Security legislation, ransomware, and supply chain attacks top the agenda at this year’s CyberUK
UK Home Secretary Priti Patel has announced plans to review the country’s aging computer crime laws this year.
The review, announced during a ministerial address to the NCSC-organised CyberUK 2021 conference today (May 11), follows a long-running security industry campaign to persuade the government to review the law, spearheaded by the CyberUP initiative.
“The Computer Misuse Act has proved to be an effective piece of legislation to tackle unauthorized access to computer systems, and it has been updated a number of times,” Patel said in a pre-recorded statement to CyberUK delegates.
“Alongside the Act there is also separate legislation that provides the powers for law enforcement agencies to investigate both cyber-dependent and cyber-enabled crimes.
“As part of ensuring that we have the right tools and mechanisms to detect, disrupt, and deter our adversaries, I believe now is the right time to undertake a formal review of Computer Misuse Act.”
Patel said that the government would be holding a consultation of the Computer Misuse Act this year but without giving a firm date or timescale.
Long overdueThe CyberUp Campaign, which is backed by the Confederation of British Industry (CBI) and tech industry trade body techUK, nonetheless described the planned consultation as a "long overdue step".
The Government’s review will ask academia, business, law enforcement agencies, the cybersecurity industry, and other interested parties about the Act, including whether current “protections in the CMA for legitimate cybersecurity activity provide adequate cover”.
Research conducted by the CyberUp Campaign and techUK has found that the vast majority of cybersecurity professionals (80%) worry about breaking the current law in the process of defending against cyber-attacks.
Ollie Whitehouse, CTO of NCC Group and spokesperson for the CyberUp Campaign, commented: “We welcome the Home Secretary’s announcement that the government has heeded our calls for a review into the Computer Misuse Act – this is a long overdue step for a piece of legislation that simply hasn’t kept pace with changes in technology."
During her speech, Patel warned of the threats posed by state-sponsored attackers, such as those behind the SolarWinds supply chain attack, and ransomware, among other threats.
The UK Home Secretary condemned the payment of ransoms to cybercriminals, arguing that paying ransoms does little to guarantee a successful outcome, nor does it protect networks against future attacks or defend against data leaks.
“Paying a ransom is likely to encourage criminality [sic] to continue to use this approach,” Patel warned.
The Home Secretary urged organizations to be prepared and to liaise with law enforcement and government organizations such as the UK’s National Cyber Security Centre (NCSC).
Protecting the software supply chain
Earlier during CyberUK 2021, which took place online this year because of the Covid-19 pandemic, Sudhakar Ramakrishna, CEO of SolarWinds, spoke to Paul Chichester, NCSC director of operations, about lessons learned from the recent high-impact supply chain attack.
SolarWinds has adopted a secure-by-design approach in response to the incident, Ramakrishna said.
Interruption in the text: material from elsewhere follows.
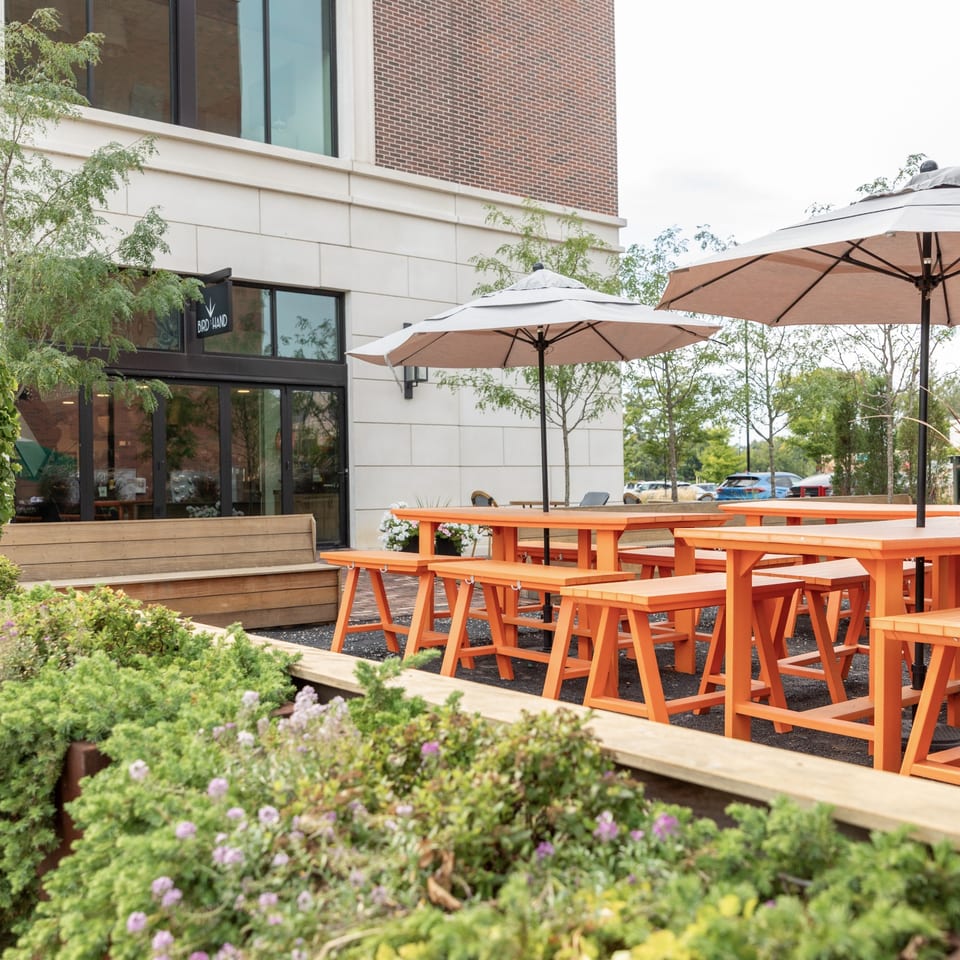 Outdoor patio with orange picnic tables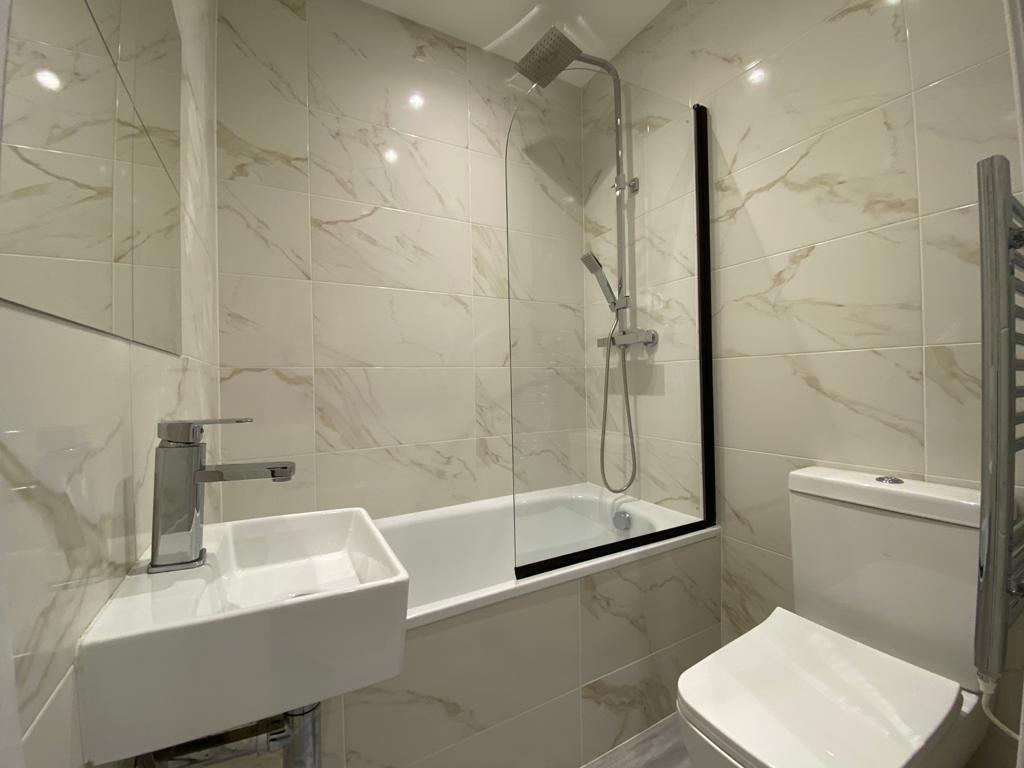 A modern, well-maintained bathroom featuring a ...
This involves implementing measures such as least-privilege access and improved technical controls.
Chichester praised the move but asked what the incentive might be for more organizations to adopt worthwhile but costly secure-by-design programmes. Ramakrishna admitted this was still a work in progress.
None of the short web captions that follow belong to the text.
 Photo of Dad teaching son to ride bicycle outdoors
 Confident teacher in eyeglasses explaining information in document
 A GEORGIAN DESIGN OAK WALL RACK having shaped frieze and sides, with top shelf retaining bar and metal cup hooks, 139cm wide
Reflecting on this aspect of a larger discussion between Chichester and Ramakrishna, Dr Ian Levy, the NCSC’s technical director, noted that supply chain attacks have been known about since the Sendmail attack of 2002.
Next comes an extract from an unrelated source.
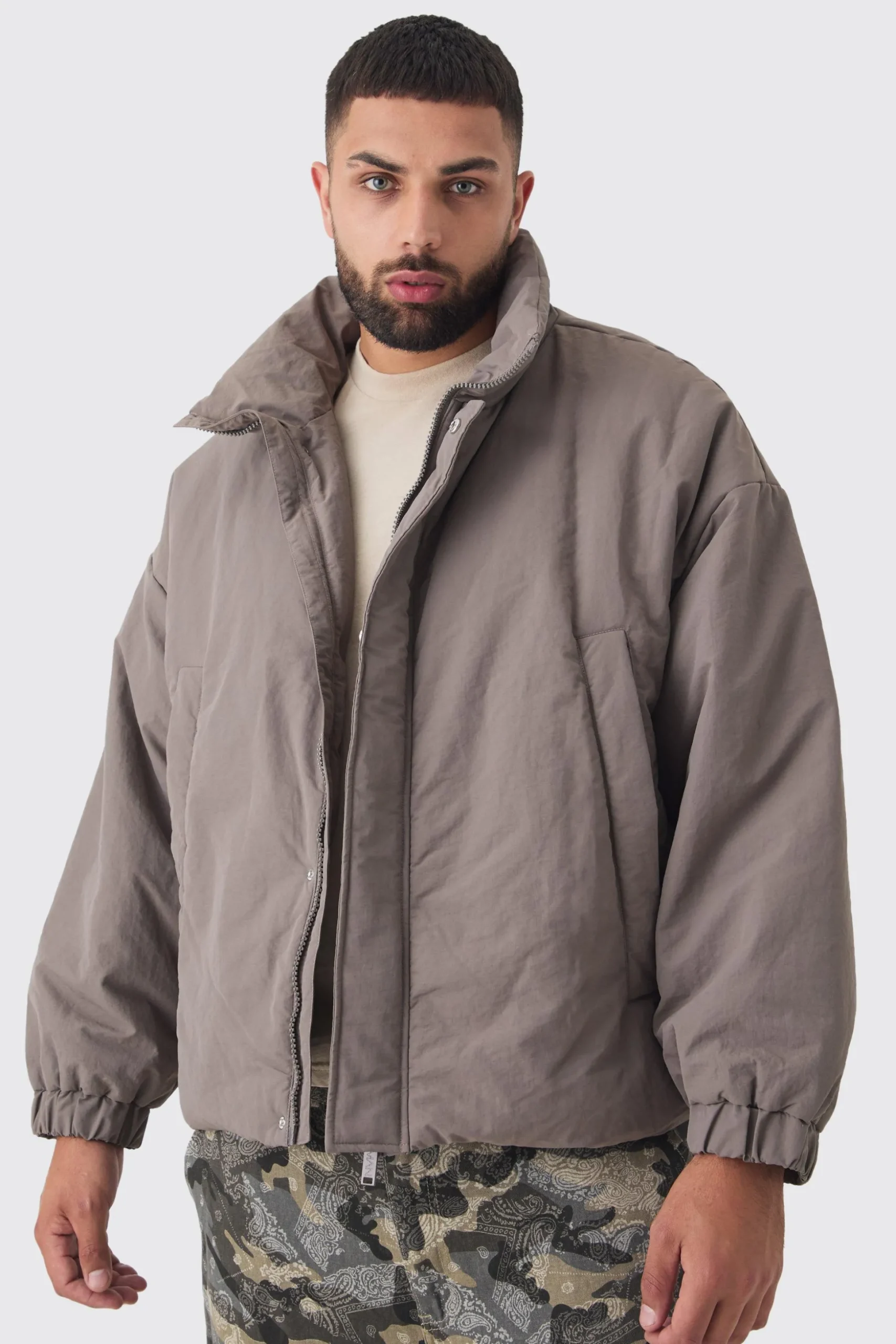 Plus Oversized Boxy Padded Funnel Neck Coat In Charcoal | BoohooMAN UK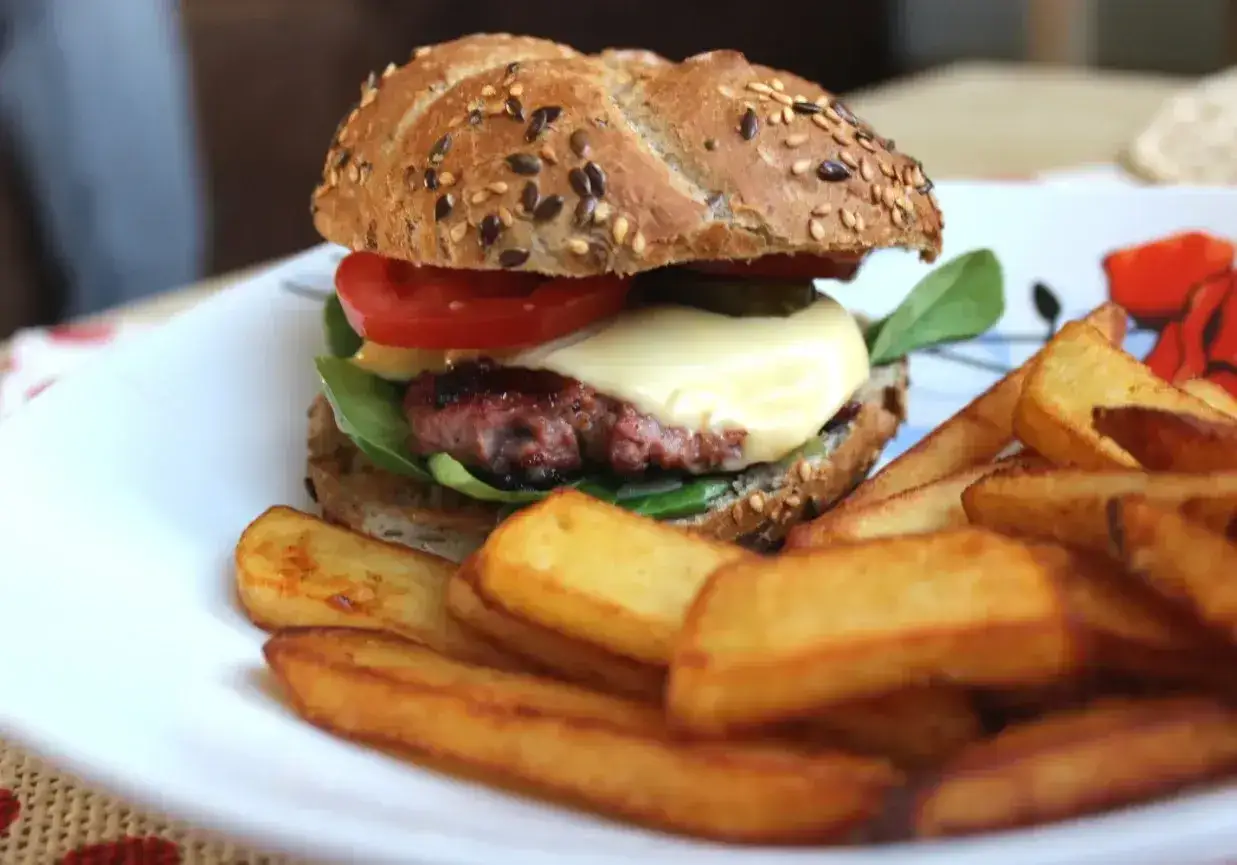 Soczysty burger z wołowiny, idealne jakie mięso na burgery, z serem, pomidorem i frytkami.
The danger posed by such incidents was illustrated by the NotPetya ransomware assault of 2017, which relied on a compromised update to a Ukrainian tax accounting package called ‘MeDoc’.
Adopting best practices in areas such as secure development can guard against such attacks, but the market provides no economic incentives for such measures, according to Dr Levy.
“We don’t buy software because someone has secured their CI/CD [continuous integration/continuous delivery] pipeline,” Dr Levy quipped.